Search 101

SARIT supports a useful subset of the Lucene Query Parser Syntax, specifically wildcard searches (including wildcards as the first character of a search), boolean operators, and grouping. SARIT also allows you to search its texts independently of the script (currently SARIT has documents in both Devanāgarī and IAST).

Some examples will best explain this:

  • Simple term searches:
    • hetuḥ will match the individual words hetuḥ and हेतुः. (Note: `Word' in this context also refers to compounds. It will not match svabhāvahetuḥ, because there hetuḥ is part of a longer word.)
    • "tathā nāsti" will match the phrase tathā nāsti, but not (for example) yadi nāsti sāmānyaṃ tathā or nāsti tathā. The quotes tell the search engine that you are looking for a single term.
  • Wildcard searches: use a * to match any number of letters, or a ? to match one letter.
    • *hetuḥ will match any word ending in either hetuḥ or हेतुः, e.g., svabhāvahetuḥ. (Note: The * wildcard matches zero or more characters.)
    • *bhāva* will match any word containing bhāva or भाव, e.g., svabhāvahetuḥ or अन्याभावः.
    • *bhāva* will match any word containing bhāva or भाव, e.g., svabhāvahetuḥ or अन्याभावः.
    • ?araṇam will match the individual words maraṇam and karaṇam, but not udāharaṇam. (Note: The ? wildcard matches one character.)
  • Boolean operators: these allow you to combine search expressions, with either AND, OR, or NOT:
    • maraṇam OR karaṇam: passages where either of these two words occur.
    • maraṇam AND karaṇam: passages where both of these words occur.
    • *maraṇam OR *karaṇam: all compounds ending in either of the two.
    • *maraṇam AND *karaṇam: passages with compounds ending in both of these two strings (or also smaraṇam, etc.).
    • You can combine them, *maraṇam AND *karaṇam NOT smaraṇam: passages with compounds ending in both of these two strings (but not in smaraṇam).
    • There are also two other boolean operators: -, to exclude results containing a term, and + to include only results that contain the term.
    • For SARIT, the AND operator is the default: if you search for tathā nāsti, the results should be identical to tathā AND nāsti or nāsti AND tathā.
  • Grouping allows you to efficiently combine more complex queries:
    • (*hetu* OR *hetā* OR *heto*) AND (*liṅga* OR *liṅge*): search for instances where hetu and liṅga occur together, with some flexibility as to their form.

These are only brief hints on the basic usage. For fuller explanations, please consult the help for the SARIT interface and the Lucene search.

The search interface

If you hover over the fields in SARIT's search panel, you will see some short hints on how to use them.

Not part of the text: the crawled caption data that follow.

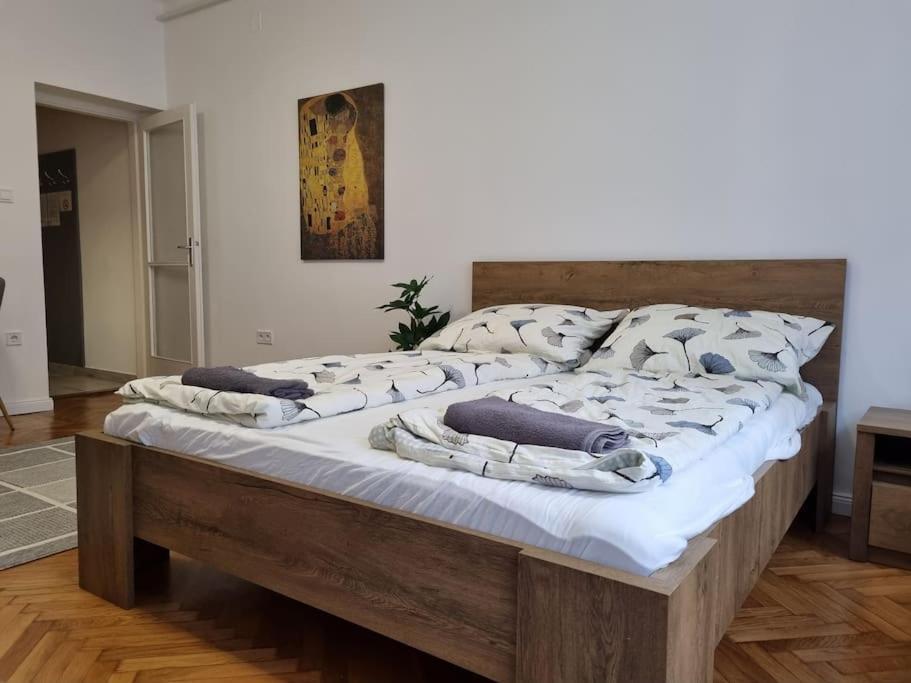 Downtown Studio Apartman Pécs Exterior foto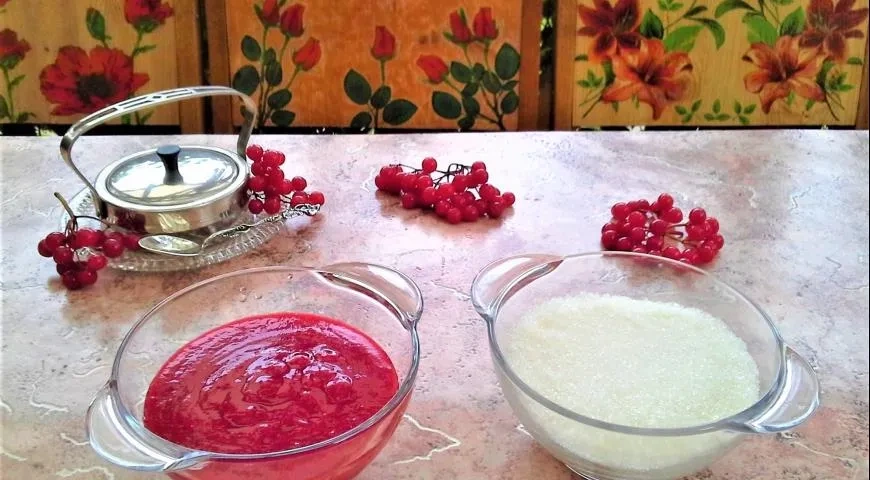 Желе из калины: шаг 5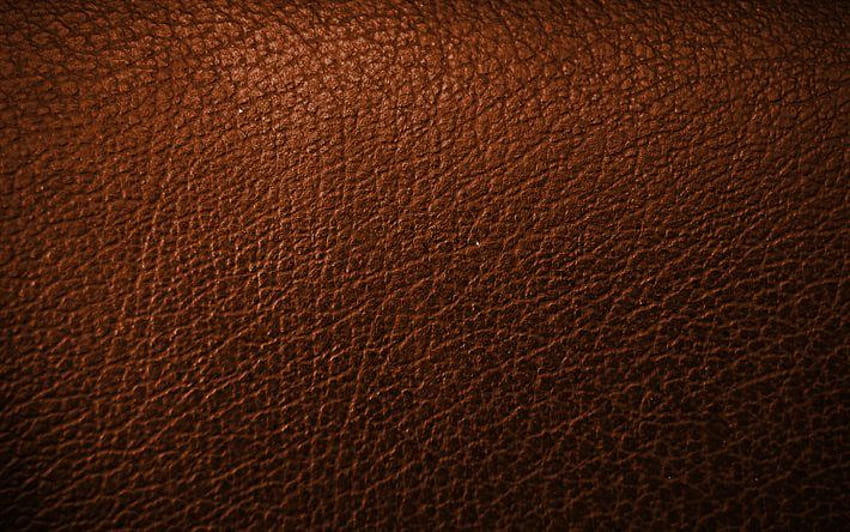 Скачать обои brown leather background, leather patterns, leather textures, brown leather texture, brown backgrounds, leather backgrounds, macro, leather для рабочего стола бесплатно. Картинки для рабочего стола бесплатно HD wallpaper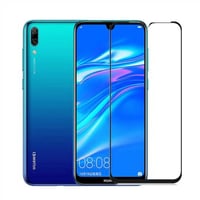 Helt Huawei Y7 2019 Uyumlu Ön Koruma Nano Ekran Koruyucu (Siyah) VR14884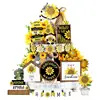 Summer Farmhouse Tiered Tray Decor 17pcs Summer Tiered Tray Decoration Set Sunflower Decor Summer Party Table Shelf Rustic Home 1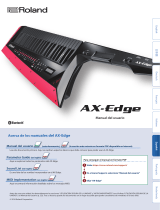 Roland AX-Edge El manual del propietario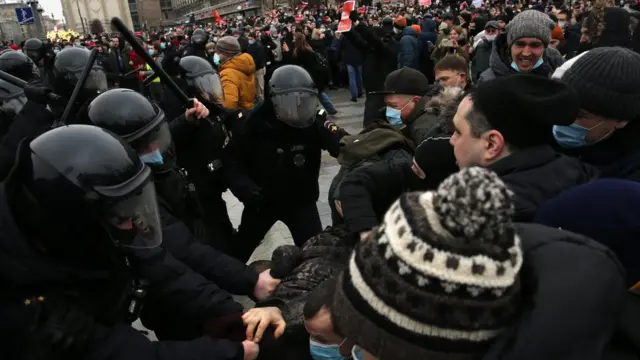 Акция в Москве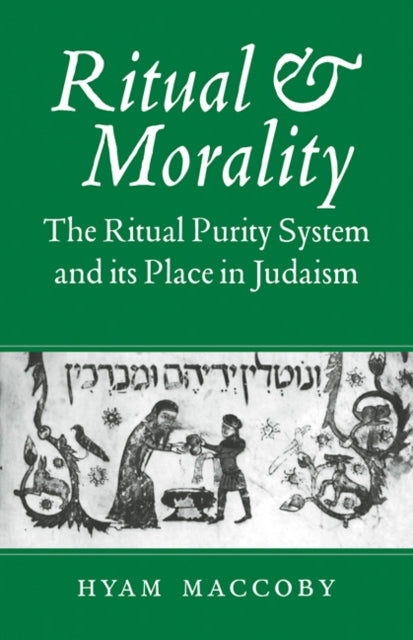 Book cover of: Ritual and Morality. By: Hyam Maccoby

An example search might look like this:

  1. Search For What?
    • Enter your search term here. SARIT supports devanāgarī and IAST searches. If Javascript is enabled in your browser, you can also enter your search term in Kyoto-Harvard convention (or Harvard-Kyoto).
  2. Where to search?
    • You can choose to search the text content of a TEI document's text, or its header (teiHeader).
  3. Limit search to certain authors?
    • You can choose Search In Texts By Any Author to search throughout the corpus or you can select one or more authors to search in the texts attributed to them.
    • Note that you can also select individual texts to search by clicking on the check-boxes to the left of the titles.